El hombre del carro de las golosinas era algo parecido a Paco Rabal en Los Santos Inocentes. Vestía aquellos trajes de tela gris que siempre parecían sucios. O puede que efectivamente lo estuvieran. También llevaba boina y, no sé si recuerdo o invento, fumaba cigarros virginio sin filtro, por lo que se pasaba el día escupiendo hilachas de tabaco.
Su carro era de tracción humana. Lo arrastraba él. En una maniobra aparatosa lo sacaba y metía de su casa que, como ya conté, era casi tan peculiar como su habitante. En realidad, esas viviendas fueron habituales en los inicios del barrio. Junto a la fachada, todas tenían unas cuantas habitaciones, muchas veces comunicadas por un patio a la intemperie. Las partes traseras de los solares quedaban al descubierto y era común que en esas zonas se criaran animales. Los primeros habitantes procedían de zonas rurales y no hicieron más que reproducir en el nuevo asentamiento urbano las costumbres que traían de sus pueblos.

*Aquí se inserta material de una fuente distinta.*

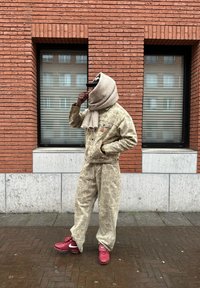 Μπεζ τζιν μπουφάν με μοτίβο και ταιριαστά παντελόνια με άνετη γραμμή, συνδυασμένα με κόκκινα αθλητικά παπούτσια Nike και ένα ελαφρύ κασκόλ που καλύπτει το πρόσωπο.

El hombre del carro de golosinas tenía gallinas y alguna cabra, cuando ya no era frecuente criar animales en el barrio. Junto a ellos atesoraba una palangana, siempre llena de agua turbia, donde se lavaba la cara y poco más.
No tengo conciencia de haberle comprado nunca nada. Mucho menos algo que pensara ingerir. Tampoco creo que vendiera gran cosa. Tabaco y poco más.
Al hombre del carro le gustaba dirigir el tráfico en el cruce de la iglesia. Y hablar de fútbol, explicando con detenimiento sus estrambóticas tácticas que, aseguraba, aconsejaba directamente a los mismísimos entrenadores de la Unión Deportiva.
Medía su inteligencia con la de Manuel, el hijo de la señora de los suspiros. Ése que de viejo siguió siendo niño. Se lo llevaba a la tienda de la esquina, presuntamente de comestibles, donde el producto estrella era el ron, despachado vaso a vaso. En aquellos de culo gordo con una línea roja, como los de la cabecera de Tenderete de hace muchos años. Algo así.